L'Irak en est le principal client, suivi par l'Afghanistan, le Niger, l'Arabie saoudite, la Géorgie, l'Algérie, la Thaïlande, la Libye ou encore le Kenya[22]. Les services de sécurité irakiens auraient ainsi dépensé 40 millions de dollars pour acheter ces antennes censées détecter à distance des bombes, des drogues et des cadavres, pourtant inefficaces[24]. En 2008, des policiers belges découvrent qu'un appareil de détection à distance de tous types de substances criminelles (drogues, explosifs) est une supercherie. Il s'agit du même appareil mis en vente par James McCormick[25].
L'affaire n'est pas jugée en Belgique mais transmise aux autorités diplomatiques car il s'avère qu'entre 2001 et 2008 l'appareil est homologué et promu par l'ONU (via des Britanniques).

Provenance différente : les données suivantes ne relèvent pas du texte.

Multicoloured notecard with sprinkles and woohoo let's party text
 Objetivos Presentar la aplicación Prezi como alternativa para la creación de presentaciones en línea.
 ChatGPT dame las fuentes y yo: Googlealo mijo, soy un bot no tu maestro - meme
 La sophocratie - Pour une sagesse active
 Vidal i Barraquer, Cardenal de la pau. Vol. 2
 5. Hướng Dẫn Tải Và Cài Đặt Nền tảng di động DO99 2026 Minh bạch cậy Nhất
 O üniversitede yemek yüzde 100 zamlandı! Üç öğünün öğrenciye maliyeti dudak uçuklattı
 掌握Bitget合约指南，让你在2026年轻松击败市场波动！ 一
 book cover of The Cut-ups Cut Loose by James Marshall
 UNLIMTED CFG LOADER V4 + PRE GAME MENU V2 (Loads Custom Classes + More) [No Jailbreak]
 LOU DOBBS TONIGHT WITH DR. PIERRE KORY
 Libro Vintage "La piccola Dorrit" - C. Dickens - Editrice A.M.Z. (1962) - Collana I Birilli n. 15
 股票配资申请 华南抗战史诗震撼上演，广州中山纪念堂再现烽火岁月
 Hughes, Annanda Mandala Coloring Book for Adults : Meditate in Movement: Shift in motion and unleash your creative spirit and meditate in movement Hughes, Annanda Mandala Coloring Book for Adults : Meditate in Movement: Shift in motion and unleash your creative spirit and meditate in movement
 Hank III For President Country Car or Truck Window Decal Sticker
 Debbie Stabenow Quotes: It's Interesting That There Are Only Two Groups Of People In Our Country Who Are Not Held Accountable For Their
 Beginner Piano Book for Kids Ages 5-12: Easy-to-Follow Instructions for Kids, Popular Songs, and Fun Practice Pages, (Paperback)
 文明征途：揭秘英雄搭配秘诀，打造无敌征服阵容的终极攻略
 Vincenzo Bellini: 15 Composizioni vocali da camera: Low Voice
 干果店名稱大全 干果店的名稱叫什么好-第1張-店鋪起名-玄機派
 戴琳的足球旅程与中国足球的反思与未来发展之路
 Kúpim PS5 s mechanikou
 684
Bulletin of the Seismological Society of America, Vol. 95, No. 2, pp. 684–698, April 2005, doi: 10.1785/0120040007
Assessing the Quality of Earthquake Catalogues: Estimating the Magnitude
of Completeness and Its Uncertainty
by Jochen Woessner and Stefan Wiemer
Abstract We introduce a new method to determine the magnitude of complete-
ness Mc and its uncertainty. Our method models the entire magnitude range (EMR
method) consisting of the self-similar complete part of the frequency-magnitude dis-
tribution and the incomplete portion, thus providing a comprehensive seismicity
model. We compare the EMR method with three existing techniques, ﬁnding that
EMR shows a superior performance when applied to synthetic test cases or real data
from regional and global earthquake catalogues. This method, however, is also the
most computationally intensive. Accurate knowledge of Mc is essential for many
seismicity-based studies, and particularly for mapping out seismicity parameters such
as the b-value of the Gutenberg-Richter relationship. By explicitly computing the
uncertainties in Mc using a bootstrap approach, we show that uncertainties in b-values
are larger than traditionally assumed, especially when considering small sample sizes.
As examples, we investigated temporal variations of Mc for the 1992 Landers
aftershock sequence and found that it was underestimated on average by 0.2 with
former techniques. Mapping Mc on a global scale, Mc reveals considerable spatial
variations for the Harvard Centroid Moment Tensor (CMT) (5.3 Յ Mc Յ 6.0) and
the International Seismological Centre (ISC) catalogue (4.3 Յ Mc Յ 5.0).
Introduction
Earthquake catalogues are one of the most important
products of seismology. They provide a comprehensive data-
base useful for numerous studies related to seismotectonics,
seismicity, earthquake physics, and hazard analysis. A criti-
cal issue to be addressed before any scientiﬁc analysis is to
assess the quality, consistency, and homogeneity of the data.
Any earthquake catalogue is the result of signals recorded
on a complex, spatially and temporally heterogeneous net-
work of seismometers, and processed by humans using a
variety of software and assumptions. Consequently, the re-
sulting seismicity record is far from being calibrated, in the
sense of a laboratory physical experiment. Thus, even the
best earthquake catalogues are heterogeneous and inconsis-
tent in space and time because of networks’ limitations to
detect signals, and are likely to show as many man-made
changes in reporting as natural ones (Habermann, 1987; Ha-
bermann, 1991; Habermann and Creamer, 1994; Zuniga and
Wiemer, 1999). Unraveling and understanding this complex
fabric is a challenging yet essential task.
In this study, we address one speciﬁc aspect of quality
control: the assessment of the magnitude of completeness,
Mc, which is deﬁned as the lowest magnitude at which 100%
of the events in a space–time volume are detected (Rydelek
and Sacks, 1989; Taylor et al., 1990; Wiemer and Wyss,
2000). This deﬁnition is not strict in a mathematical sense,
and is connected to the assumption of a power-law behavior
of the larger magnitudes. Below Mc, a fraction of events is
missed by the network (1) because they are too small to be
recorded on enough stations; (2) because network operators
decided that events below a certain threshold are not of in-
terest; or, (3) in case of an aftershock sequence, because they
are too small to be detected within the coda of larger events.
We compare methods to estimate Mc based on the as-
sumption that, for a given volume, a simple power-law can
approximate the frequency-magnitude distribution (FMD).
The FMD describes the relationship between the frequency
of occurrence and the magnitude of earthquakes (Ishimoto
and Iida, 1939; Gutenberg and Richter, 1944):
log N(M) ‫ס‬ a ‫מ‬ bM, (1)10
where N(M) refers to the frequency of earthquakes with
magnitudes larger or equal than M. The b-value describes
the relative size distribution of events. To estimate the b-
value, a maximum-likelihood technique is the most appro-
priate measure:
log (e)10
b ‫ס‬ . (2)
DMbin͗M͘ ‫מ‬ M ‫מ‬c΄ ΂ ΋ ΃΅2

Deux ans plus tard, la fraude est reconnue par la justice britannique. En 2013, James McCormick est condamné à Londres à dix ans de prison[21].
Cependant le produit est encore utilisé dans des pays en développement en 2014, en particulier les autorités afghanes et irakiennes équipées par les coalitions alliées sous égide de l'ONU. Il n'est pas écrit que les autorités comptent sur l'effet placebo mais c'est une pratique courante en sécurité ; il est écrit que la procédure est que si l'agent a la « sensation » qu'une personne est positive au contrôle par l'appareil, il est autorisé à la fouiller classiquement (mise en joue, dépôt à terre de tout ce que porte la personne, fouille manuelle)[23].
Ainsi, malgré la fraude avérée, ces ADE 651 sont toujours utilisés, créant un faux sentiment de sécurité dans une des régions les plus menacées du monde. L'aéroport international Jinnah, au Pakistan, attaqué le , était protégé, selon un quotidien britannique, par des forces de sécurité armées équipées d'ADE 651. De plus, la confiance d'autres victimes de la fraude, comme le Kenya, reste inébranlable. Le responsable irakien de ces investissements a été condamné pour corruption en 2011, ayant reçu des pots de vin du fabricant des ADE 651[26],[27].